What kind of impact could I have had on others if I hadn’t been so focused on fixing myself?
Why are we here? Is it to be the best human we can be? The best American? The best Christian? What we consider ‘best’ in our context is not what’s considered best in India or to people in prison or for the Sentinelese – people without access to technology, or academics, or Pinterest. Shouldn’t the ideal human life translate to any human living anywhere? Is the primary goal of a humanity to create for themselves a beautiful life? Or do we have a higher calling?
I believe our purpose in the world is to usher in shalom everywhere, every day, to everyone.
The word shalom is rich in meaning – it can be described as wholeness, flourishing, soundness, well-being, justice. These are the things we, and by we I also mean I, should be going after – not for ourselves, but for the life of the world.
Theologian Dr. Neil Plantinga describes shalom as, “The webbing together of God, humans, and all creation in justice, fulfillment, and delight…” God wants us to flourish. He created humans to give him glory and we do that by living a rich, full life, pursuing wisdom and knowledge and growing to be more like Jesus. We are to create beautiful things and make beautiful homes and be healthy and fit, but our motivation must be for the betterment of the world.
Our home should be a sanctuary for weary souls, not a fortress to keep the world out. Our bodies should be temples of the Holy Spirit, not Instagram idols. Our dreams should not be ‘our’ dreams because our lives are not our own. We did not create ourselves. We did not create the heavens or the earth or all that is in it. Even if you don’t believe in intelligent design, you can’t take credit for lobsters or sloths or the Aurora Borealis.

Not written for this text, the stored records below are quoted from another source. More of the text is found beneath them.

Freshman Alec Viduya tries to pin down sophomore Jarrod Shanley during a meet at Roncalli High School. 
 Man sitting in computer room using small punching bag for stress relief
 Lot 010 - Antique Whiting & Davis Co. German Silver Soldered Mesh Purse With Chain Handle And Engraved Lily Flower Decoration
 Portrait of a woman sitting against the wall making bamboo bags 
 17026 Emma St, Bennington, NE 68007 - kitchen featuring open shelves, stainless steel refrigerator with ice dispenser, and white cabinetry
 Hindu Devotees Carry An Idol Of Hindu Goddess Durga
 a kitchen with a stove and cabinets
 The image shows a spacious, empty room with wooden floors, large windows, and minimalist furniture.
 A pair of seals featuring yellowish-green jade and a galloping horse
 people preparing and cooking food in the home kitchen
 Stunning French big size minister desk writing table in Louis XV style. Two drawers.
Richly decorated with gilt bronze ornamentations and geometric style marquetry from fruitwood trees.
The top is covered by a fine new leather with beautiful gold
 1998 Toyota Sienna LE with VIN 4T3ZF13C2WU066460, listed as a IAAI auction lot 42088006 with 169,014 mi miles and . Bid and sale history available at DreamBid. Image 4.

I believe a supreme being, God, created the world not so we could leave a legacy of a life well lived, but to bring him glory. Followers of Christ and The Church exist to manifest God’s glory to humans and the heavenly realms by being generous with our lives, loving our enemies, forgiving those who have hurt us, sacrificing our time and talents to bring peace and prosperity to others.
Seek justice, love mercy. Forget your face, wash feet.